- thread 1 (feeder): has a loop that feeds data into OpenCL and queues kernels
- thread 2 (consumer): waits for results and reads output data.
- an OpenCL Host command queue with out-of-order execution enabled
- what might be causing this?
- how to debug this on the Yocto platform?
I have attached a reproducer for this issue and the text output it produces. Attached: source code, output text from the program. Compiled with gcc gpu_issue.c -o gpu_issue -L ./opt/intel/opencl -LOpenCL
Note that there is no output after the call to map buffer 2. If I modify the code to select a CPU device then the call to map buffer 2 succeeds.
Thank you for your report, I can confirm this is a GPU driver problem.
We are looking into possible solutions for it, so it may be difficult to provide timeline for the fix at the moment.
In the meantime if you could provide more information about what do you want to accomplish, then I may be able to provide another solution for your use case.

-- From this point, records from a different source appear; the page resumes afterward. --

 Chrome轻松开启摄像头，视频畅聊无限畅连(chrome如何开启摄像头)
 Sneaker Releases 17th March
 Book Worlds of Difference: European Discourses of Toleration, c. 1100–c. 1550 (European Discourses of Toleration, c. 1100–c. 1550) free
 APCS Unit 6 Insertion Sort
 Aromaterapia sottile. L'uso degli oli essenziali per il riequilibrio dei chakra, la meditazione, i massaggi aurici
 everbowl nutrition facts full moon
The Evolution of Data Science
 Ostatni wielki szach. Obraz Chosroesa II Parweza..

Thanks for the information and the offer to help us find a way to work around the issue. Below is an outline of the processing constraints we need to satisfy.
Our system processes a real-time data stream on a very short time cycle (in the ms region) so low latency processing is as important as raw speed. To allow for varying processing latency we use multiple input and output buffers in a cyclic fashion. Also, on the OpenCL implementation used on another platform (ARM Mali) we found we could reduced latency by queueing tasks ahead and using the out-of-order queueing feature.

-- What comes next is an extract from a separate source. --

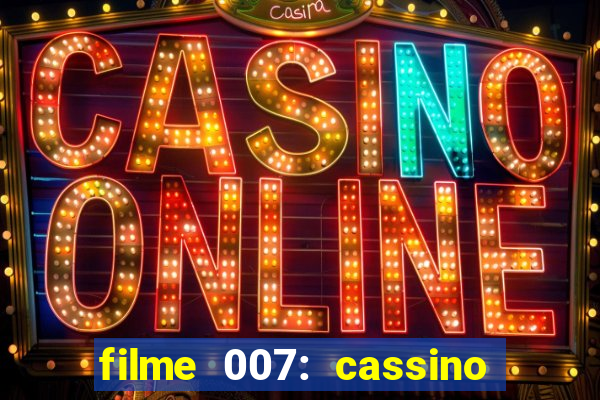 filme 007: cassino royale completo dublado youtube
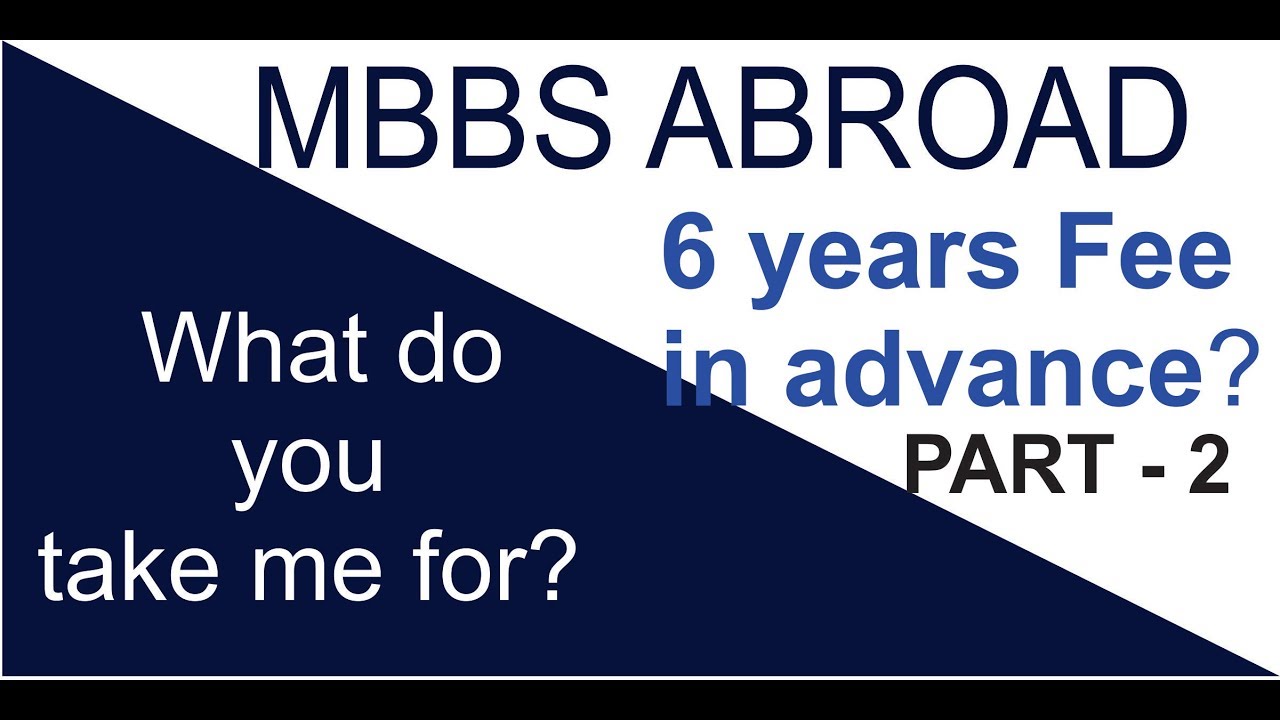 MBBS ABROAD  - Good or bad?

Would you be able to give us more information about the issue and what we must avoid doing?
What is happening in the code is that MapBuffer is called with blocking_flag set to True on an Out Of Order Queue.
There are no input events, so for the driver it means, map this buffer for me now, even if it may be in use by GPU, please confirm that this is expected.

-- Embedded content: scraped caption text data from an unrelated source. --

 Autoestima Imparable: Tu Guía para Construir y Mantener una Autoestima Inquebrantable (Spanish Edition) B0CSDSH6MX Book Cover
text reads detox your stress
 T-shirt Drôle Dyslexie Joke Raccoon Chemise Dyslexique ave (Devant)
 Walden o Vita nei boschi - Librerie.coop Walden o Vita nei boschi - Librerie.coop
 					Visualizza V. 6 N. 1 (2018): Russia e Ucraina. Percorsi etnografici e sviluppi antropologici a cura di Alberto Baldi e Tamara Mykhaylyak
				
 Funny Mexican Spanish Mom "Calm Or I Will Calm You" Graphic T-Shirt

If you want such access to buffer storage and synchronization is not needed, then you may have another out of order queue on which this MapBuffer operation will actually happen. Currently driver improperly waits for the blocked unMap operation to complete prior to servicing MapBuffer call, this wait shouldn't be present in out of order queue.
If you want to actually synchronize on the previous unMap call, then code should use events.
Thanks Michal. Yes, the map now is intended. Now that I understand what the issue is, I have been able reorder a couple of things to avoid this problem, so I have our application running on the GPU. Unfortunately, not fast enough though, but I'll open a new topic to ask for help on that.